POST /oidc/token HTTP/1.1
Host: id.overwolf.com
Content-Type: application/x-www-form-urlencoded
grant_type=authorization_code
&code=YOUR_AUTHORIZATION_CODE
&redirect_uri=https%3A%2F%2Fclient.example.com%2Fcallback
&client_id=YOUR_CLIENT_ID
&client_secret=YOUR_CLIENT_SECRET
&code_verifier=YOUR_CODE_VERIFIER
Code example:
const { code, state } = req.query;
const codeVerifier = req.cookies.codeVerifier
try {
// Exchange the authorization code for an access token and refresh token
const tokenResponse = await axios.post(config.tokenEndpoint, {
grant_type: "authorization_code",
code,
redirect_uri: config.redirectUri,
client_id: config.clientId,
client_secret: config.clientSecret,
code_verifier: codeVerifier
});
const { access_token, refresh_token } = tokenResponse.data;
// Store tokens for subsequent requests
req.session.accessToken = access_token;
res.send("Authentication successful!");
} catch (error) {
res.status(500).send("Token exchange failed");
}
});
- Once you have the access token, use it to access protected resources based on the required scopes.
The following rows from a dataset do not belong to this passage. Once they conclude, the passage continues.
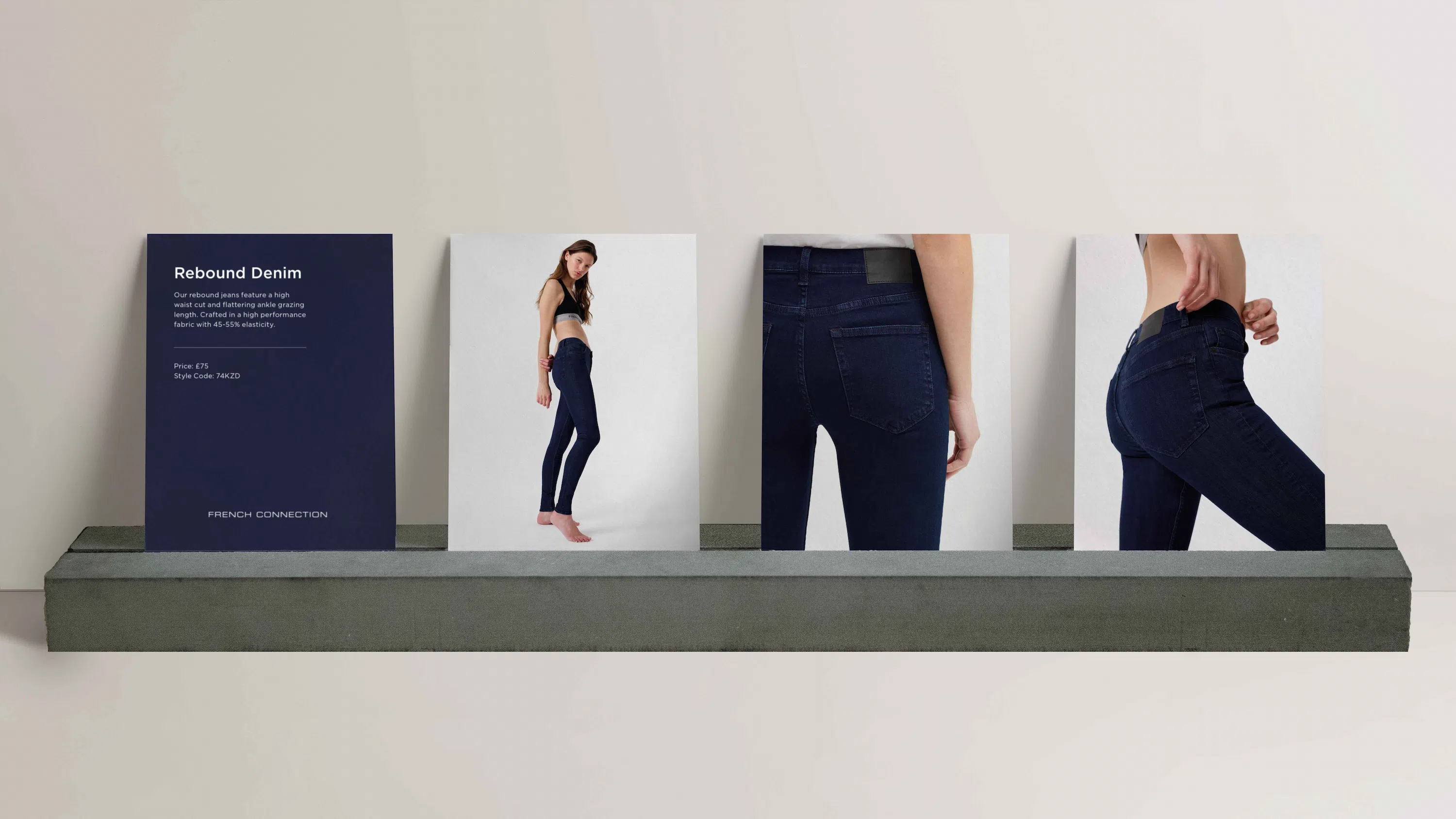 Display showing Rebound Denim jeans with text and photos of a woman modeling jeans from different angles.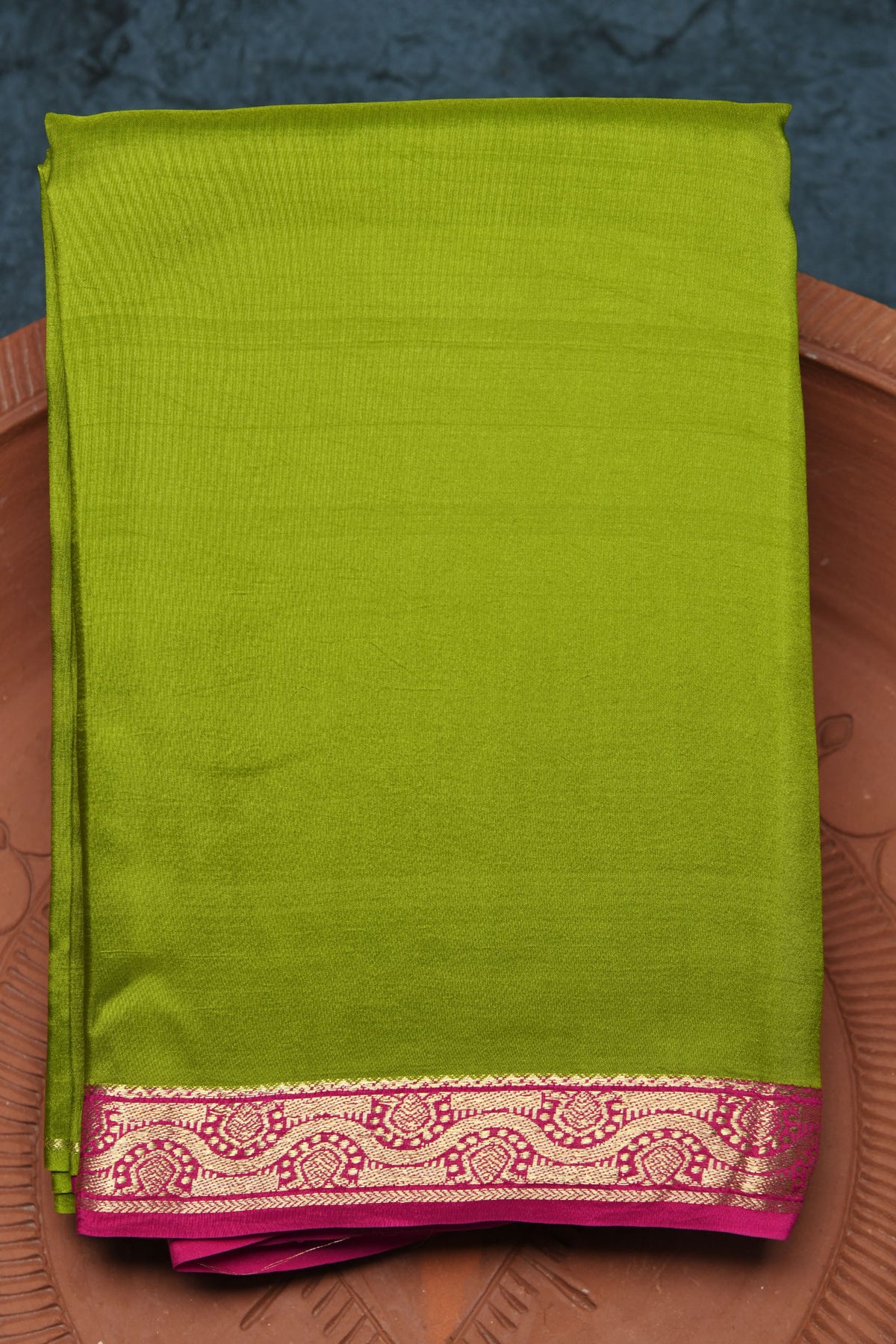 Plain Pear Green With Contrast Border Mysore Silk Saree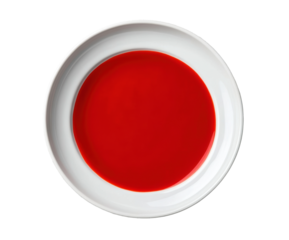 Vibrant red sauce on a white plate for culinary presentation on a transparent background, cut out
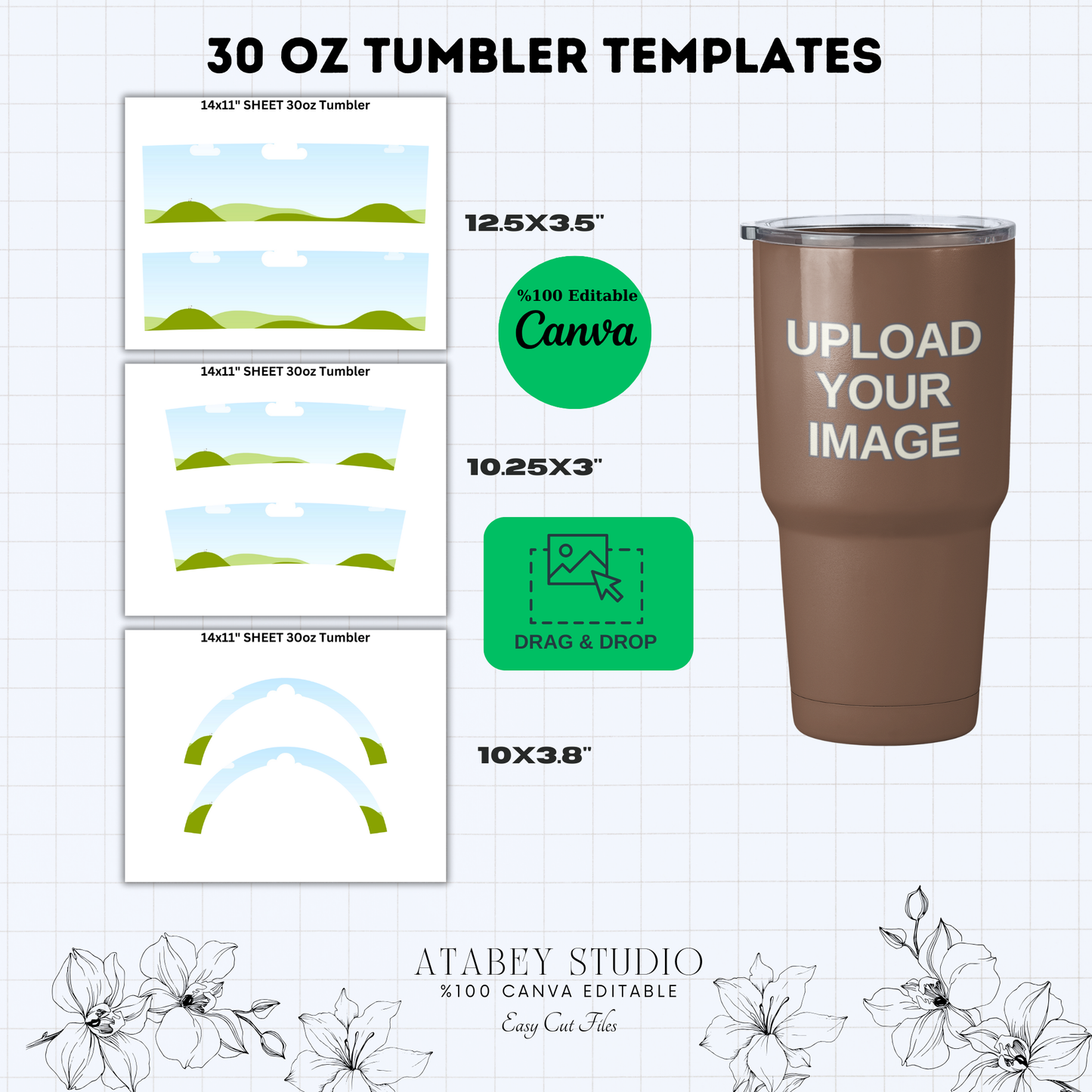 Customizable 30oz Tumbler Wrap Template | Easy Cut Files for Cricut, Silhouette | Canva Editable Design 890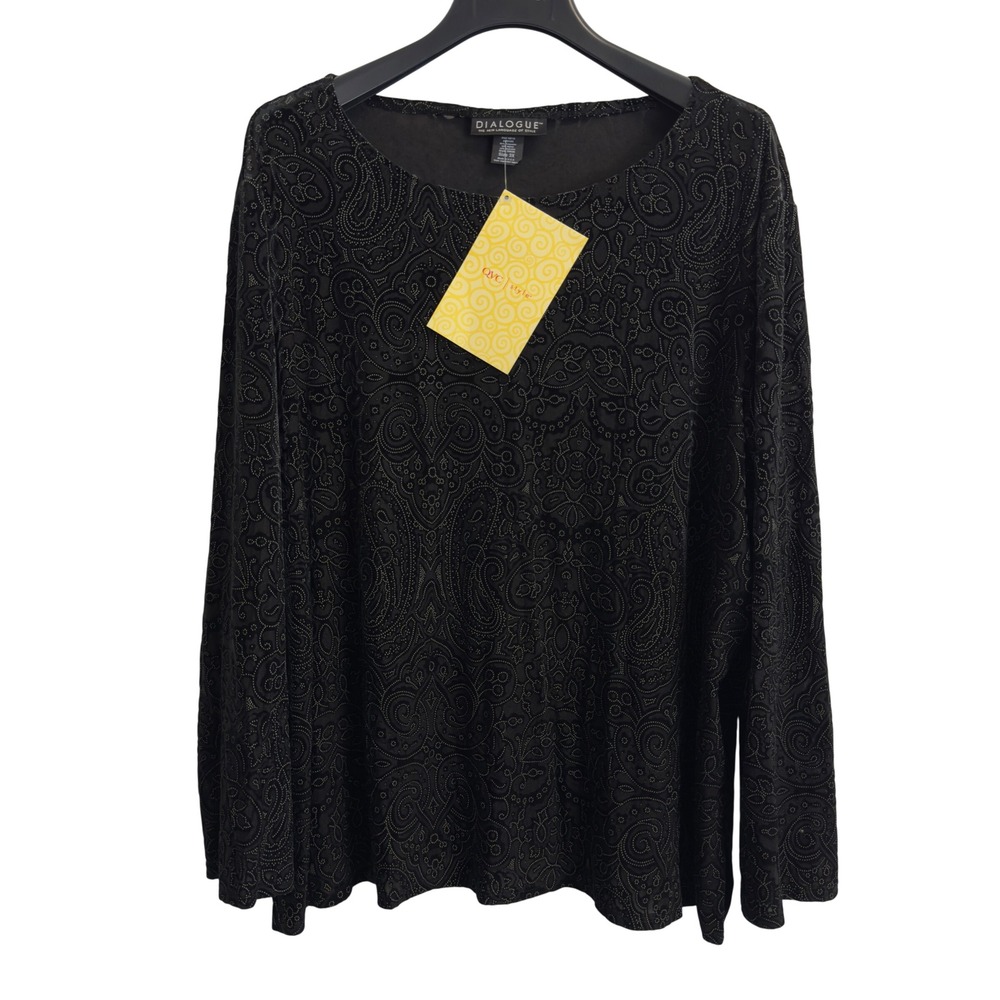 NWT Dialogue Womens 3X Black Paisley Burnout Dotted Long Sleeve Blouse Top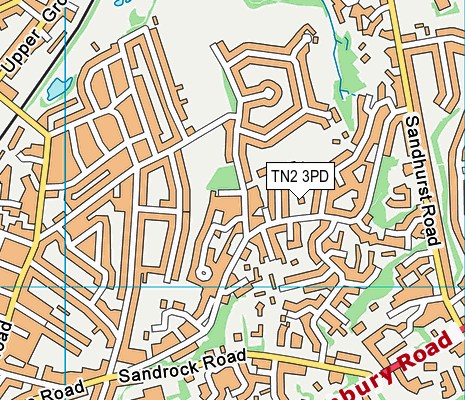 TN2 3PD map - OS VectorMap District (Ordnance Survey)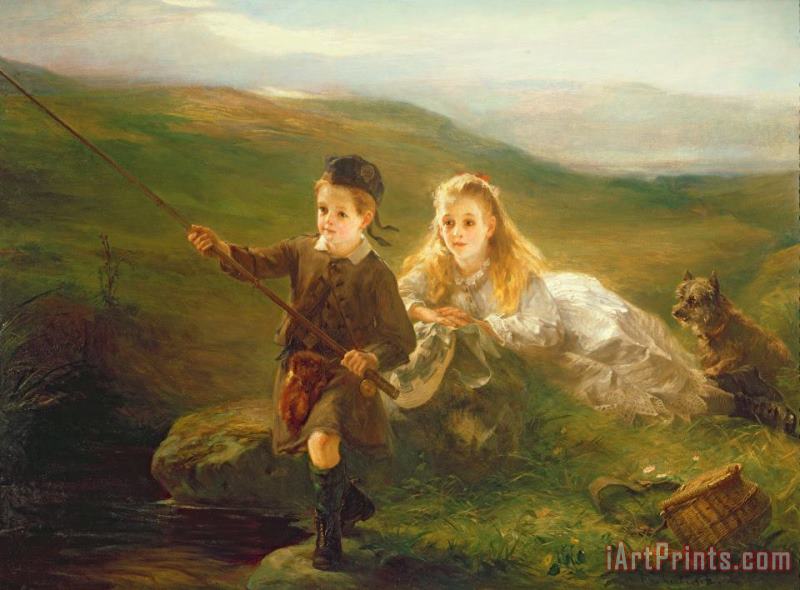 Otto Leyde Two Children Fishing in Scotland Art Painting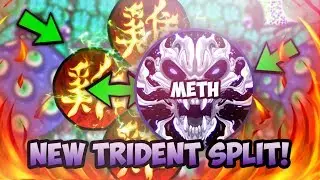 Agar.io - *NEW* TRIDENT SPLIT! INSANE DOUBLE RAPTOR & *NEW* FAKE DOUBLE CANNON POPSPLIT!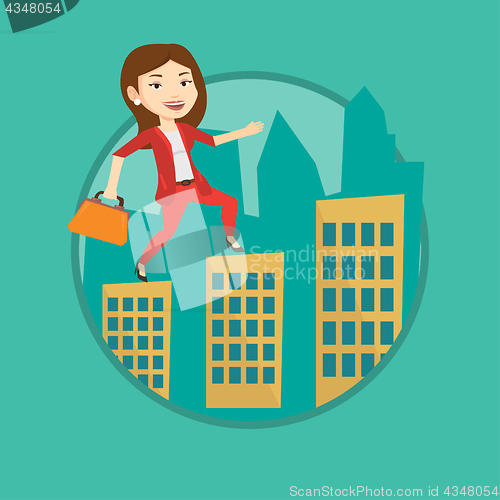 Image of Business woman walking on the roofs of buildings.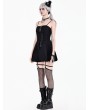 Dark in Love Black Gothic Punk Buckle Ribbon Lacing Mini Dress
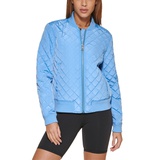 Womens Diamond Quilted Casual Bomber Jacket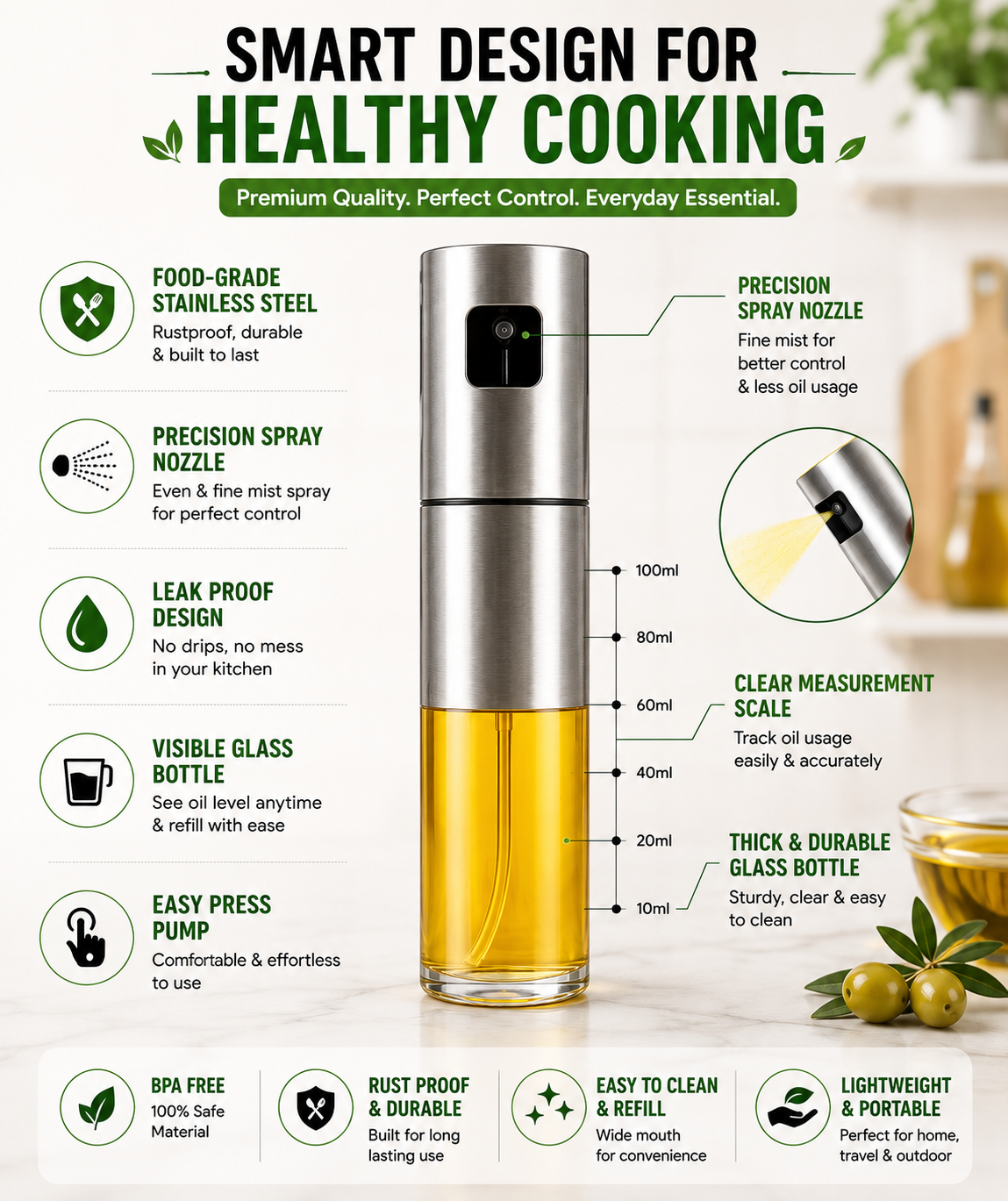 Oil Spray Bottle 100ml - Food-Grade Stainless Steel & Glass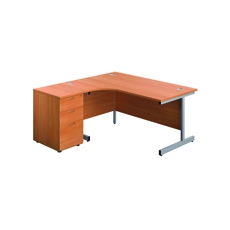 First Rdl LH Desk Ped Beech/Silver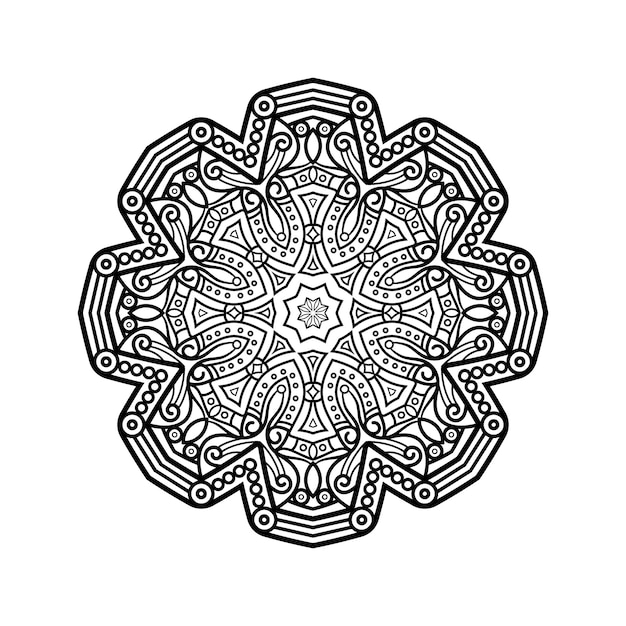 Decorative mandala and pattern for Mehndi wedding islam Outline mandalas coloring book page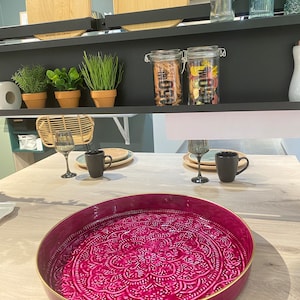 Berber serving tray in Raspberry enameled metal image 7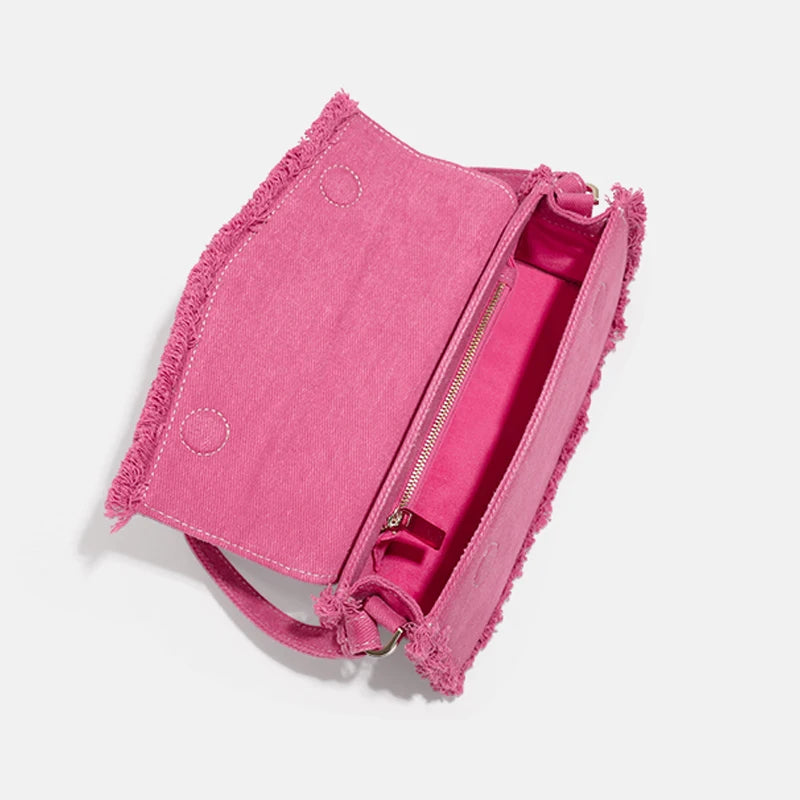 Pink Fringe Women's Canvas Underarm Shoulder Bag Small Flap Over Clutch Handbag Unique Single Sling Purse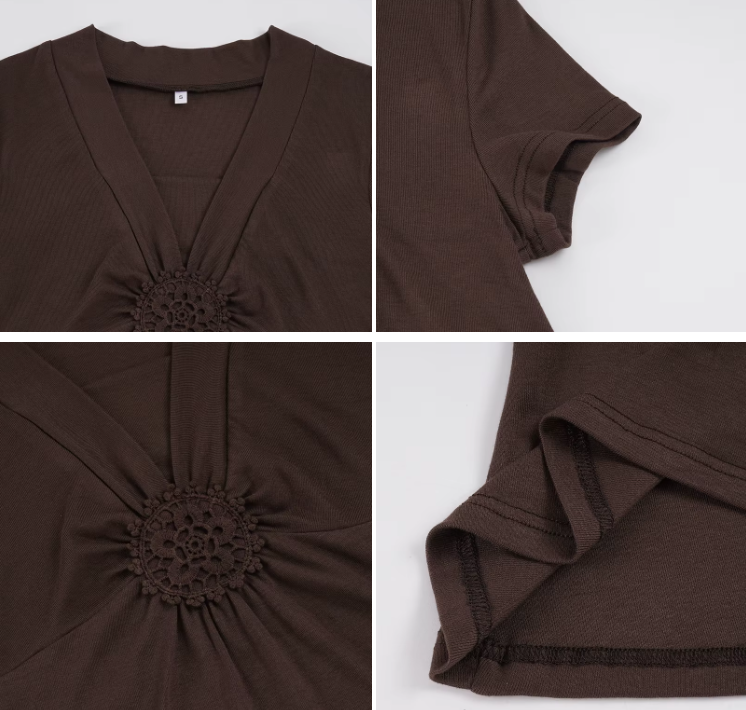 Timeless & Elegant V-neck Short Sleeve Tops for Women - BP-B20 -TOP-10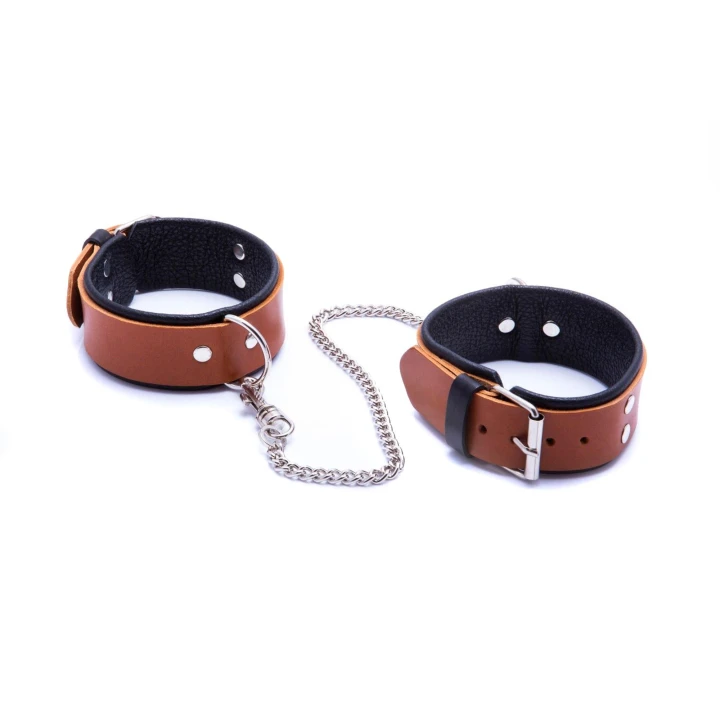 Kajdanki na nogi Kajdanki-WHIPS, skórzane koniakowe, regulowane, szerokość 4cm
const response = await axios.get("https://id.overwolf.com/oidc/me", {
headers: {
Authorization: `Bearer ${accessToken}`,
},
});
return response.data;
}
You need to handle cases where the user does not authorize one or more of the scopes you requested. For example a user does not allow the subscriptions scope or email.